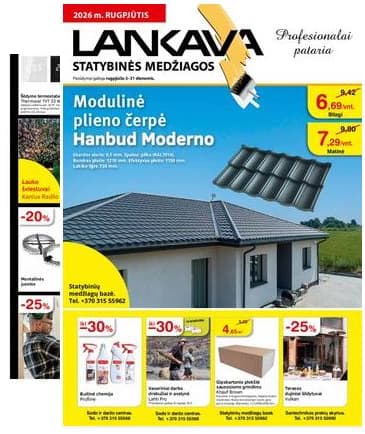 Lankava - Lankava akcijų leidinys Rugpjūtis 2026-08-01 – 2026-08-31
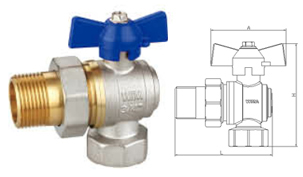 W102 52 Ball valve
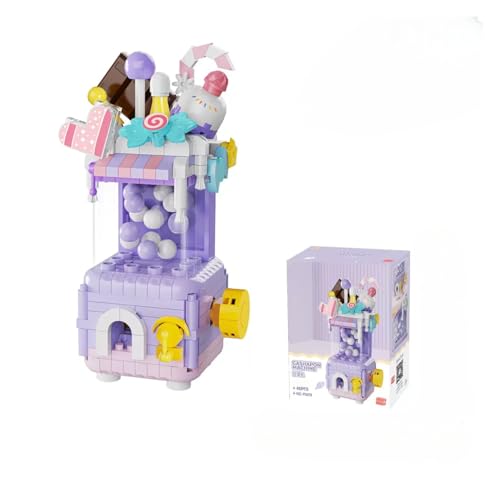 MMALQMl Mini Kapsel Spielzeug Automat Bausteine für Heimdekoration Party Favors Geschenke für Kinder und Erwachsene (Lila) von MMALQMI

• What needs to be done:
Leave the images aside and retype each line of the listing above exactly.

• Output of the exercise:
 Lankava - Lankava akcijų leidinys Rugpjūtis 2026-08-01 – 2026-08-31
 W102 52 Ball valve
 MMALQMl Mini Kapsel Spielzeug Automat Bausteine für Heimdekoration Party Favors Geschenke für Kinder und Erwachsene (Lila) von MMALQMI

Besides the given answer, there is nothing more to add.